WHAT THE TASK ASKS. Your output is the line containing "Supreme Brow 5-Piece Artist's Brow Kit 2" plus all lines after it to the end of the records, reproduced exactly, with nothing else.

Short web captions
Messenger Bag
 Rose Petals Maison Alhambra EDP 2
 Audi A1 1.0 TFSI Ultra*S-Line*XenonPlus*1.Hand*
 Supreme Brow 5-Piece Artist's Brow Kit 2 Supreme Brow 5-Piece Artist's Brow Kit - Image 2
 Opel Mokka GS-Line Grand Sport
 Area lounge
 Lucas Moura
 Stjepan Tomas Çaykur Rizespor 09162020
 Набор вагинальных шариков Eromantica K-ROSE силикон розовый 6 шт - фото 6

YOUR SOLUTION.
 Supreme Brow 5-Piece Artist's Brow Kit 2 Supreme Brow 5-Piece Artist's Brow Kit - Image 2
 Opel Mokka GS-Line Grand Sport
 Area lounge
 Lucas Moura
 Stjepan Tomas Çaykur Rizespor 09162020
 Набор вагинальных шариков Eromantica K-ROSE силикон розовый 6 шт - фото 6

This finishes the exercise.